Material shown:
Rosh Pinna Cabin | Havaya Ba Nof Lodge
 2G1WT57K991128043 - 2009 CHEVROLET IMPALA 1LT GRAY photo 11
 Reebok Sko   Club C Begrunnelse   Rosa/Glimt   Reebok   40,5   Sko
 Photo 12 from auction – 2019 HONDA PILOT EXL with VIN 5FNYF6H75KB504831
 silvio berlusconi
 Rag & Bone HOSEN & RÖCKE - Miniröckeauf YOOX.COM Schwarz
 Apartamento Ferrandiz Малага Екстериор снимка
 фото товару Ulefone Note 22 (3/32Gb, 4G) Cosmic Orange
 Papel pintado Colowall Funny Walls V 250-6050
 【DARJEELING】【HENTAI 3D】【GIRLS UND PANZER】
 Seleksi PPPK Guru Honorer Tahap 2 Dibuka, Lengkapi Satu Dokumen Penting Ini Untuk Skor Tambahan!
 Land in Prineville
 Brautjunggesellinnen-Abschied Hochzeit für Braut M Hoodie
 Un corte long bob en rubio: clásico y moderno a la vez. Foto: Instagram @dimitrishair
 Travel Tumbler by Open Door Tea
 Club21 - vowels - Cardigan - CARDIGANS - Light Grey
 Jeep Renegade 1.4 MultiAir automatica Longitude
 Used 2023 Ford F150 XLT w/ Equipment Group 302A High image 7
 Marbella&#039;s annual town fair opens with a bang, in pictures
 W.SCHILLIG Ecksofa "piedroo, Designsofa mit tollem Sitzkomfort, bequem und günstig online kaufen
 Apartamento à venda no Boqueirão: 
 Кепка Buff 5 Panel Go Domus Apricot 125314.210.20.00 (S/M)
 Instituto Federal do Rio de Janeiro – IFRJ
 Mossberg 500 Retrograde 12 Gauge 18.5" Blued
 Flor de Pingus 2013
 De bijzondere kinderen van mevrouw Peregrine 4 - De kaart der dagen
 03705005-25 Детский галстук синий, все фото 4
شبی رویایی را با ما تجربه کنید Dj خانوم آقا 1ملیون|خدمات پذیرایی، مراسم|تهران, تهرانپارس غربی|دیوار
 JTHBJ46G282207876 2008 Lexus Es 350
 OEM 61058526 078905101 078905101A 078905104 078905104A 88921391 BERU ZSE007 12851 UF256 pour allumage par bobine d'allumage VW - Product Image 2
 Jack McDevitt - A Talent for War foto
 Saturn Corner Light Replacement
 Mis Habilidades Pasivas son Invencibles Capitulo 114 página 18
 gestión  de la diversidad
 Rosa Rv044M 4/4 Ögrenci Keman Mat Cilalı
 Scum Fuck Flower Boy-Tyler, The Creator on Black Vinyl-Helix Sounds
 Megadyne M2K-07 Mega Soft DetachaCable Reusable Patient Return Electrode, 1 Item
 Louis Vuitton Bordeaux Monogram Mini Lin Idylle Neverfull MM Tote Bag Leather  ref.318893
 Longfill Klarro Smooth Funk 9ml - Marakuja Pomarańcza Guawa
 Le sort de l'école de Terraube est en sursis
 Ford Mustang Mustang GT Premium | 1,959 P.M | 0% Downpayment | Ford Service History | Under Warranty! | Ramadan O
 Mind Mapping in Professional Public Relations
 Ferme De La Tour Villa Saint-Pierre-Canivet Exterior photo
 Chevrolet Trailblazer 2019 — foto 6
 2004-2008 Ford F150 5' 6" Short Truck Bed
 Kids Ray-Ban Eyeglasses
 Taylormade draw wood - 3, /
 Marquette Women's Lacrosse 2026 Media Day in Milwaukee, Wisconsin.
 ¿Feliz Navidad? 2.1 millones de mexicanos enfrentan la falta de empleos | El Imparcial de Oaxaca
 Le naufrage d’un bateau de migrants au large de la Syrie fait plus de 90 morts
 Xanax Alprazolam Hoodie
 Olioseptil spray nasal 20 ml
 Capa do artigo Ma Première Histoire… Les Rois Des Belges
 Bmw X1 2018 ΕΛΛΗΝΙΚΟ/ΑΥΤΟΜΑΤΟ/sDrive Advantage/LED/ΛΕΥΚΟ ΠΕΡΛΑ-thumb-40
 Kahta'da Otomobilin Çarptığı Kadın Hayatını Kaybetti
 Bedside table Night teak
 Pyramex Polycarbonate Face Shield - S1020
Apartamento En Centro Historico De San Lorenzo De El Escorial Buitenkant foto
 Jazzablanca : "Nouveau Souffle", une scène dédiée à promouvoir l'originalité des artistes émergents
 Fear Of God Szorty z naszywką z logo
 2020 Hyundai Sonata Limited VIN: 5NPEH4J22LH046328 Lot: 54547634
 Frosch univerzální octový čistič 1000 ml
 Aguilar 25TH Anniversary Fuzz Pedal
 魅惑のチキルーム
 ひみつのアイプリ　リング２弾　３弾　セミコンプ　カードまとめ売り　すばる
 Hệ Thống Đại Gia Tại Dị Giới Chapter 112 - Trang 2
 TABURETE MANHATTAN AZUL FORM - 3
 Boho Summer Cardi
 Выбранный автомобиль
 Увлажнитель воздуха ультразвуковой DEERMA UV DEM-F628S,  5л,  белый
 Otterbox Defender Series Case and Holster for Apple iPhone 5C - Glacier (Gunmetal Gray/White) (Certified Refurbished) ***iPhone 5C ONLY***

Required action: Reply with the lines from the one that contains "des artistes émergents" through the last line of the material above, copied exactly and nothing else.

Output for this exercise:
 Jazzablanca : "Nouveau Souffle", une scène dédiée à promouvoir l'originalité des artistes émergents
 Fear Of God Szorty z naszywką z logo
 2020 Hyundai Sonata Limited VIN: 5NPEH4J22LH046328 Lot: 54547634
 Frosch univerzální octový čistič 1000 ml
 Aguilar 25TH Anniversary Fuzz Pedal
 魅惑のチキルーム
 ひみつのアイプリ　リング２弾　３弾　セミコンプ　カードまとめ売り　すばる
 Hệ Thống Đại Gia Tại Dị Giới Chapter 112 - Trang 2
 TABURETE MANHATTAN AZUL FORM - 3
 Boho Summer Cardi
 Выбранный автомобиль
 Увлажнитель воздуха ультразвуковой DEERMA UV DEM-F628S,  5л,  белый
 Otterbox Defender Series Case and Holster for Apple iPhone 5C - Glacier (Gunmetal Gray/White) (Certified Refurbished) ***iPhone 5C ONLY***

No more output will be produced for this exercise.